Accession Number : ADA115998
Title : Epitaxial Garnets and Hexagonal Ferrites.
Descriptive Note : Final technical rept. 1 Feb 80-31 Mar 82.
Corporate Author : ROCKWELL INTERNATIONAL ANAHEIM CA MICROELECTRONICS RESEARCH AND DEVELOPMENT CENTER
Personal Author(s) : Glass,H L ; Adkins,L R
PDF Url : ADA115998
Report Date : 20 Apr 1982
Pagination or Media Count : 8
Abstract : The objective of this research is to develop new and improved epitaxial ferrite materials for use in microwave and millimeter-wave signal processing devices. The major emphasis has been on multiple layer magnetic garnet structures for magnetostatic wave (MSW) delay lines. Theoretical analysis and experiments were performed on propagation of magnetostatic surface waves (MSSW), magnetostatic forward volume waves (MSFVW) and magnetostatic backward volume waves (MSBVW) in structures containing up to four layers. In the experiments, one layer was a standard stripline substrate, 10 mil thick alumina. The other layers were YIG (yttrium iron garnet) films grown by liquid phase epitaxy (LPE) on gadolinium gallium garnet (GGG) substrates. Magnetic properties of the YIG layers were adjusted by modifying their chemical composition. Delay characteristics were measured in detail at frequencies between 2 and 4 GHz. Using MSSW, a multilayer structure having a flatter nondispersive delay than conventional single layer devices was demonstrated. Linear dispersion similar to that of conventional single layer devices but easier to implement was demonstrated for MSFVW propagation in a structure containing three epitaxial layers. In addition to the MSW work on garnets, LPE of lithium ferrite and hexagonal ferrites was studied. A substituted lead hexaferrite which exhibited 50 GHz resonance in a field on only 3 KOe was demonstrated. (Author)

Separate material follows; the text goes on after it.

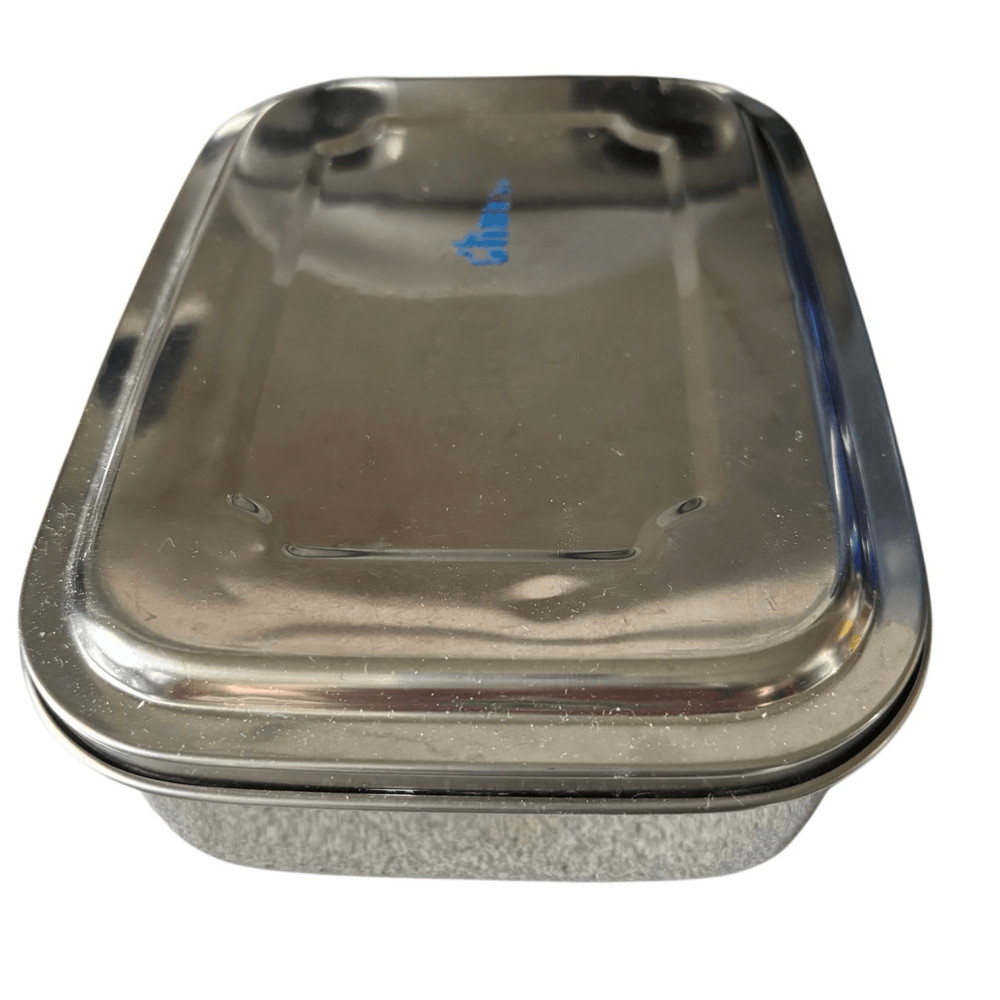 Stainless Steel Sectional Lunch Box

Descriptors : *Garnet, *Yttrium iron garnet, *Ferrites, *Epitaxial growth, Crystal growth, Microwave equipment, Millimeter waves, Signal processing, Surface waves, Wave propagation, Magnetostatics, Ferromagnetic resonance, Liquid phases, Aluminum oxides, Gadolinium compounds, Gallium, Lithium compounds, Delay lines, Layers
Subject Categories : Geology, Geochemistry and Mineralogy
Distribution Statement : APPROVED FOR PUBLIC RELEASE